The big data serving engine - Store, search, rank and organize big data at user serving time. Vespa is an engine for low-latency computation over large data sets. It stores and indexes your data and executes distributed queries including evaluation of machine-learned models over many data points in real time.
Table of contents
Background
Use cases such as search, recommendation and personalization need to select a subset of data in a large corpus, evaluate machine-learned models over the selected data, organize and aggregate it and return it, typically in less than 100 milliseconds, all while the data corpus is continuously changing.
This is hard to do, especially with large corpuses that needs to be distributed over multiple nodes and evaluated in parallel. Vespa is a platform which performs these operations for you.
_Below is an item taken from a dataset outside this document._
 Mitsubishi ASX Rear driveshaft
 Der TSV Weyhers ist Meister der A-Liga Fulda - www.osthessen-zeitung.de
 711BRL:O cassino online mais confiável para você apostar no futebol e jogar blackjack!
It has been in development for many years and is used on a number of large internet services and apps which serve hundreds of thousands of queries from Vespa per second.
Install
To get started using Vespa pick one of the quick start documents:
- Run on a Mac or Linux machine using Docker
- Run on a Windows machine using Docker
- Run on a Mac or Linux machine using VirtualBox+Vagrant
- Multinode install on AWS EC2
- Multinode install on AWS ECS
Usage
- The application created in the quickstart is fully functional and production ready, but you may want to add more nodes for redundancy.
- Try the Blog search and recommendation tutorial to learn more about using Vespa
- See developing applications on adding your own Java components to your Vespa application.
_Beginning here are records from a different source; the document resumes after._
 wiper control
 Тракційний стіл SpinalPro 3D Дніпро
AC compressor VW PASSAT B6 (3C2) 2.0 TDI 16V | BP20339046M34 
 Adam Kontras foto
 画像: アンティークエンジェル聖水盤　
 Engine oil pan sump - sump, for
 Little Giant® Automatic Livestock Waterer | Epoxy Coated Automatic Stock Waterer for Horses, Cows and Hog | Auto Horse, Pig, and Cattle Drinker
- Vespa APIs is useful to understand how to interface with Vespa
- Explore the sample applications
Full documentation is available on https://docs.vespa.ai.
Contribute
We welcome contributions! See CONTRIBUTING.md to learn how to contribute.
If you want to contribute to the documentation, see https://github.com/vespa-engine/documentation
Building
You do not need to build Vespa to use it, but if you want to contribute you need to be able to build the code. This section explains how to build and test Vespa. To understand where to make changes, see Code-map.md. Some suggested improvements with pointers to code are in TODO.md.
Set up the build environment
C++ and Java building is supported on CentOS 7. The Java source can also be built on any platform having Java 11 and Maven installed. We recommend using the following environment: Create C++ / Java dev environment on CentOS using VirtualBox and Vagrant. You can also setup CentOS 7 natively and install the following build dependencies:
sudo yum-config-manager --add-repo https://copr.fedorainfracloud.org/coprs/g/vespa/vespa/repo/epel-7/group_vespa-vespa-epel-7.repo
sudo yum -y install epel-release centos-release-scl yum-utils
sudo yum -y install ccache \
rpm-build
yum-builddep -y <vespa-source>/dist/vespa.spec
Build Java modules
export MAVEN_OPTS="-Xms128m -Xmx1024m"
source /opt/rh/rh-maven35/enable
bash bootstrap.sh java
mvn -T <num-threads> install
Build C++ modules
Replace <build-dir>
with the name of the directory in which you'd like to build Vespa.
Replace <source-dir>
with the directory in which you've cloned/unpacked the source tree.
bash bootstrap-cpp.sh <source-dir> <build-dir>
cd <build-dir>
make -j <num-threads>
ctest3 -j <num-threads>
Create RPM packages
sh dist.sh VERSION && rpmbuild -ba ~/rpmbuild/SPECS/vespa-VERSION.spec
License
Code licensed under the Apache 2.0 license. See LICENSE for terms.